New Indiana University Study Shows A Decline in the Sexualization of Women Characters in Video Games

lynchTeresa Lynch, a Ph.D. candidate in The Media School at Indiana University, is the lead author of a new study that finds a significant decline in women being portrayed as sexualized characters in video games. Lynch and her colleagues – three other doctoral candidates at the university – examined in-game content of 571 video games released between 1983 and 2014.

Lynch reports that the analysis found that “in the 1980s and early 1990s, a lot of the graphical integrity just didn’t allow for the characters to be sexualized. When we fast-forward to the next generation of consoles, which happened in the early to mid-1990s, we see the transition to 3-D graphics, and that’s when we saw a big spike in the sexualization of female characters.
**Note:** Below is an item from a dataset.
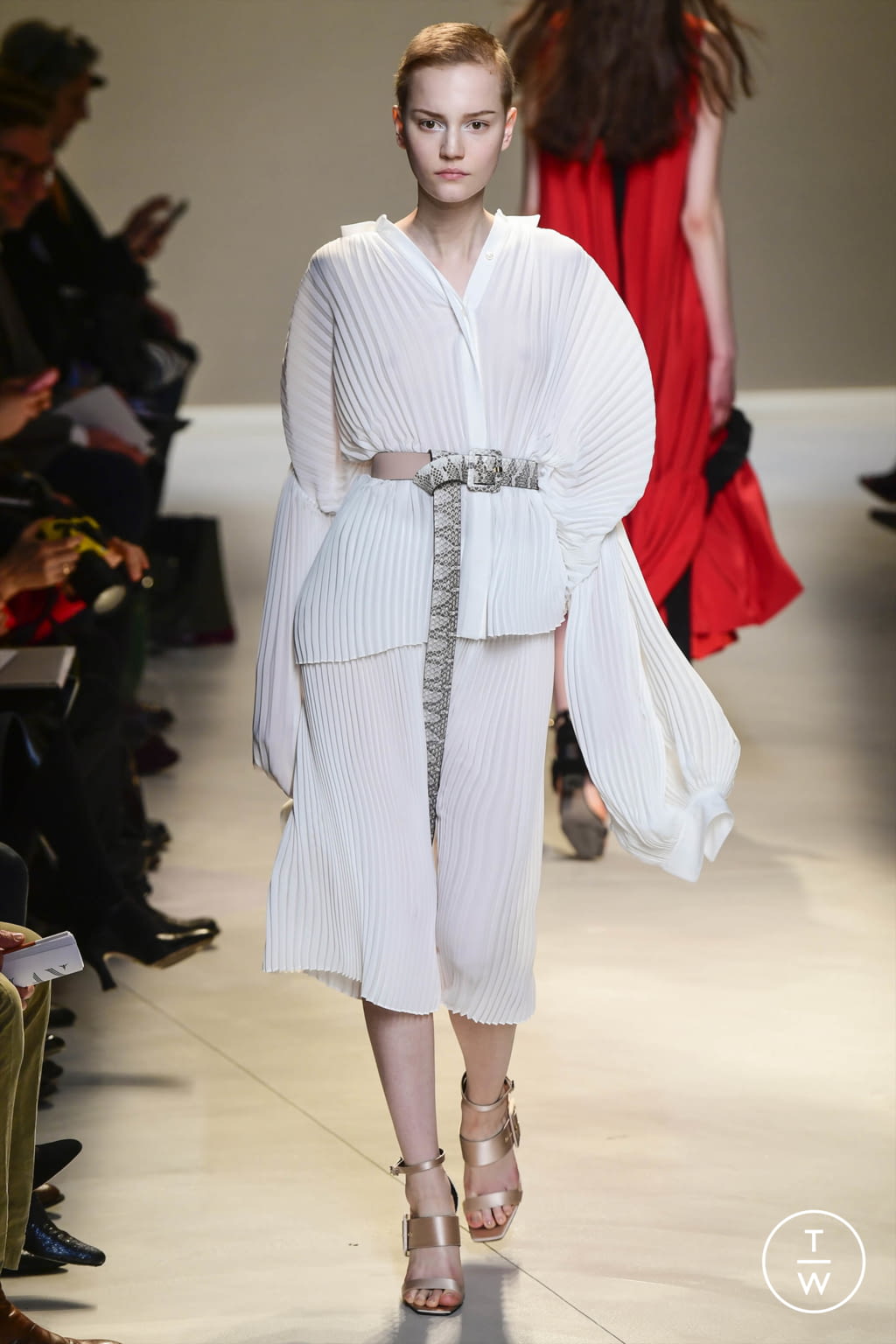 Fashion Week Milan Fall/Winter 2017 look 35 de la collection Krizia womenswear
That continued its upward trajectory through the early 2000s and then, suddenly, we saw a decrease.”

The analysis found that when women were in secondary roles they tended to be more sexualized. “This is essentially pointing to the objectification of the character,” Lynch said. “When you have a male character in body armor and a female character in a bikini fighting side by side, it’s hard for women not to feel trivialized and objectified.”
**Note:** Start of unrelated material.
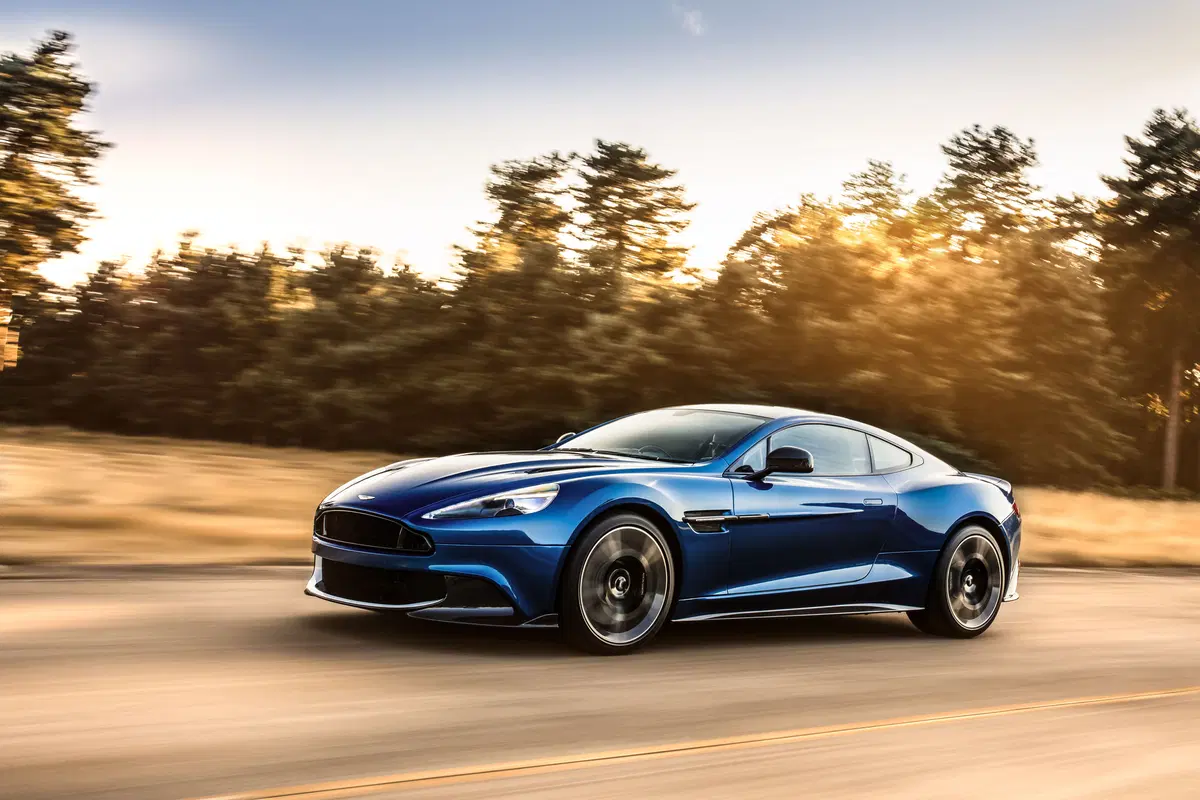Aston Martin Vanquish S, debutto a Los Angeles (6)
The results showing a decline in the sexualization of women in video games gives the authors hope for the future. “As more women have joined the industry as professionals, and men have seen hypersexualization and objectification of women in media as a legitimate concern, I think we’ll continue to see better and more varied representations of women in games,” Lynch said. “In turn, I think more girls will have their interest in gaming piqued.”

The study, “Sexy, Strong, and Secondary: A Content Analysis of Female Characters in Video Games Across 31 Years,” appears in the August issue of the Journal of Communication. It may be accessed here. Co-authors are Niki Fritz, Jessica E. Tompkins, and Irene I. van Driel.